Stored entries
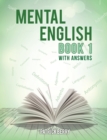 Image for Mental English: Book One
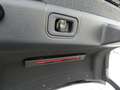 Mercedes-Benz E 220 d 4M Exclusive +Burm+AHK+DigiLight+360°+SSC Schwarz - thumbnail 22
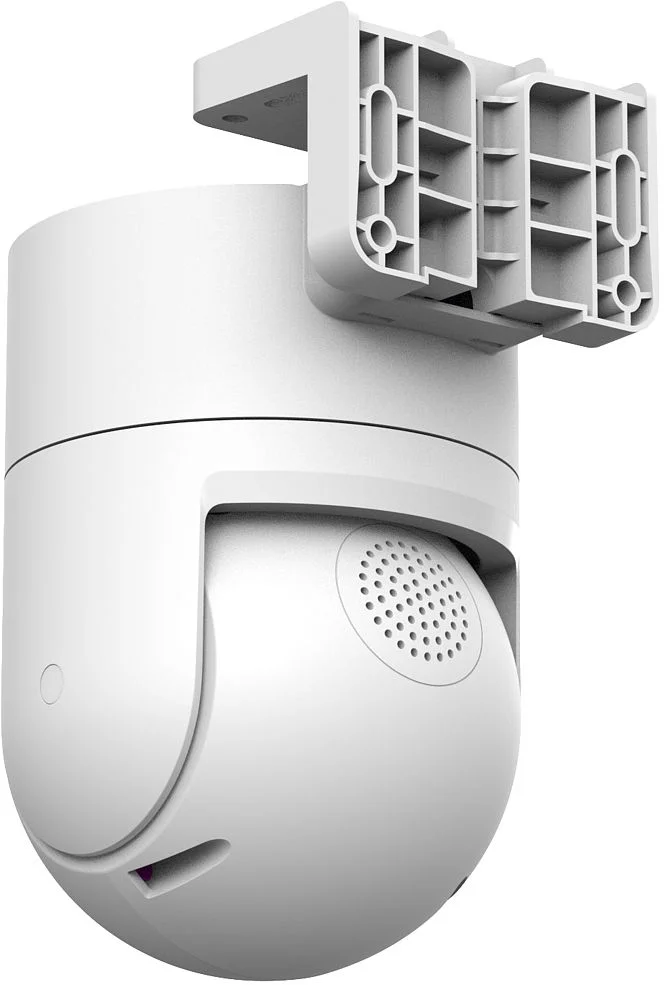 Видеокамера Xiaomi Outdoor Camera CW300, белая (BHR8097EU)-2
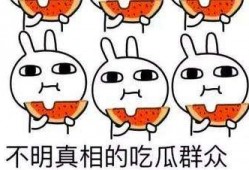 迷糊吃瓜女孩,迷糊吃瓜女孩的欢乐瓜田之旅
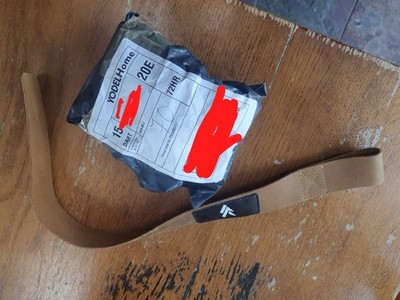 Item photo(s) from verified buyer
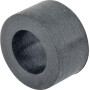 Joint UNIVERSEL 3045R51936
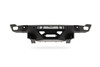 DV8 Offroad 24-26 GMC Sierra 2500/3500 Spec Series Front Bumper w/ Winch - FBGC2-02 Photo - out of package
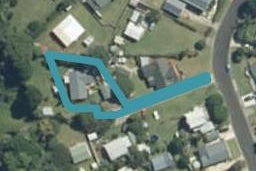 34 Mako Avenue, Whiritoa, Waihi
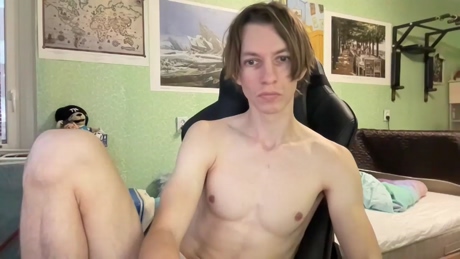 yummyalexxx  11-03-2022 video naughty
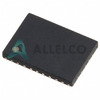 DSC8101AI5-PROGRAMMABLE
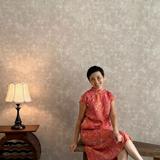 由 linabell0929_wolf (刊登 ID 1455990592,圖片 1) 提交,位於 的 (類別:),說明:。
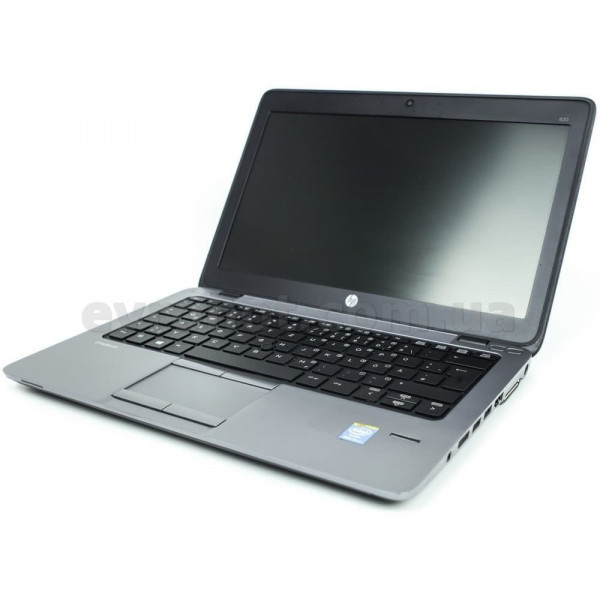 Ноутбук HP EliteBook 820 G1 (i5-4300U|8GB|256SSD)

• **WHAT YOU ARE ASKED TO DO**
Could each line of the data be written out exactly, with no pictures included?

• **RESULT OF THIS EXERCISE**
 Image for Mental English: Book One
 Mercedes-Benz E 220 d 4M Exclusive +Burm+AHK+DigiLight+360°+SSC Schwarz - thumbnail 22
 Видеокамера Xiaomi Outdoor Camera CW300, белая (BHR8097EU)-2
 迷糊吃瓜女孩,迷糊吃瓜女孩的欢乐瓜田之旅
 Item photo(s) from verified buyer
 Joint UNIVERSEL 3045R51936
 DV8 Offroad 24-26 GMC Sierra 2500/3500 Spec Series Front Bumper w/ Winch - FBGC2-02 Photo - out of package
 34 Mako Avenue, Whiritoa, Waihi
 yummyalexxx  11-03-2022 video naughty
 DSC8101AI5-PROGRAMMABLE
 由 linabell0929_wolf (刊登 ID 1455990592,圖片 1) 提交,位於 的 (類別:),說明:。
 Ноутбук HP EliteBook 820 G1 (i5-4300U|8GB|256SSD)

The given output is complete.